NUKE’s 3D System

Introduction

Nuke’s current 3D system has been supporting artists for many years and allowing for amazing workflows in the compositing space. Originally designed for small-scale workflows in a fixed or flattened structure, we’re now looking to overhaul the 3D system for Nuke 14.0 to help support artists working with modern workflows involving very large scenes with rich structure.

The goal of the new 3D system is to provide a new 3D Geometry System without losing the ease-of-use or simplicity artists currently enjoy, all while providing greater performance at scale. We’re not looking to replace other modelling packages, the focus is on giving artists a faster and more scalable 3D system for what we do in comp, while allowing for new workflows to emerge.

With that in mind a completely new 3D system was introduced which replaces the classic system and is based on the industry standard USD. This allows Nuke the ability to support native USD workflows as well as existing Nuke workflows, provide greater performance and scalability as we reduce the need for complex translation layers for importing 3D scene data and a hierarchical scene graph structure with access to raw USD for easy customization.

Due to the scope of this work we will be looking to implement the new 3D system in stages across the 14 series.
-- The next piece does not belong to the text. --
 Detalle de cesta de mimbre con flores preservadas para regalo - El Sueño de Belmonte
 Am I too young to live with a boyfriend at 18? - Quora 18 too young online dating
This first stage for 14.0 is about implementing the core architecture and getting as close to feature parity as possible. This means that not all nodes or workflows will exist in the new 3D system, so to ensure there is no detriment to artists we will be including the new 3D system alongside the classic 3D system. The two systems will not interact, so you can’t connect nodes from one to the other and once we have developed the new system to a stage we are happy with, we would look to deprecate the classic 3D system.